INPUT DATA START

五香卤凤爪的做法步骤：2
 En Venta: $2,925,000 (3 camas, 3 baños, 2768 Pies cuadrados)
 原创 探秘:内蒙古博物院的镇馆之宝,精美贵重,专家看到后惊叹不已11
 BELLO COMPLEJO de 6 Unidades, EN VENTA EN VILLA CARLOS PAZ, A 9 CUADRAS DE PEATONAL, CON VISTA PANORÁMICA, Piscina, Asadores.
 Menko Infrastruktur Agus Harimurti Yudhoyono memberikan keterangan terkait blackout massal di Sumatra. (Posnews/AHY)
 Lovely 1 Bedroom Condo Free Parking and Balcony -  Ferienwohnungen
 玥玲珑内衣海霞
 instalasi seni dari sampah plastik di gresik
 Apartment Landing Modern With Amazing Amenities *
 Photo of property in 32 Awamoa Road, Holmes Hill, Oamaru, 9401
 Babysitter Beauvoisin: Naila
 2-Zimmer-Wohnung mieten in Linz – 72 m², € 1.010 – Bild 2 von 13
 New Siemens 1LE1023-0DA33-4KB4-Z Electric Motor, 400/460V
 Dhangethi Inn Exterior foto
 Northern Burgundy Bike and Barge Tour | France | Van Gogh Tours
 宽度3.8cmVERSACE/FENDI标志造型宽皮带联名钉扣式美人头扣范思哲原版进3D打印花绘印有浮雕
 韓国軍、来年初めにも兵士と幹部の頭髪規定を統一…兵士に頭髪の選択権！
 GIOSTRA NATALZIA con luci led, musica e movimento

INPUT DATA END

## WHAT YOU SHOULD DO
Write all of the data above again, exactly as given.

## ANSWER BOX
五香卤凤爪的做法步骤：2
 En Venta: $2,925,000 (3 camas, 3 baños, 2768 Pies cuadrados)
 原创 探秘:内蒙古博物院的镇馆之宝,精美贵重,专家看到后惊叹不已11
 BELLO COMPLEJO de 6 Unidades, EN VENTA EN VILLA CARLOS PAZ, A 9 CUADRAS DE PEATONAL, CON VISTA PANORÁMICA, Piscina, Asadores.
 Menko Infrastruktur Agus Harimurti Yudhoyono memberikan keterangan terkait blackout massal di Sumatra. (Posnews/AHY)
 Lovely 1 Bedroom Condo Free Parking and Balcony -  Ferienwohnungen
 玥玲珑内衣海霞
 instalasi seni dari sampah plastik di gresik
 Apartment Landing Modern With Amazing Amenities *
 Photo of property in 32 Awamoa Road, Holmes Hill, Oamaru, 9401
 Babysitter Beauvoisin: Naila
 2-Zimmer-Wohnung mieten in Linz – 72 m², € 1.010 – Bild 2 von 13
 New Siemens 1LE1023-0DA33-4KB4-Z Electric Motor, 400/460V
 Dhangethi Inn Exterior foto
 Northern Burgundy Bike and Barge Tour | France | Van Gogh Tours
 宽度3.8cmVERSACE/FENDI标志造型宽皮带联名钉扣式美人头扣范思哲原版进3D打印花绘印有浮雕
 韓国軍、来年初めにも兵士と幹部の頭髪規定を統一…兵士に頭髪の選択権！
 GIOSTRA NATALZIA con luci led, musica e movimento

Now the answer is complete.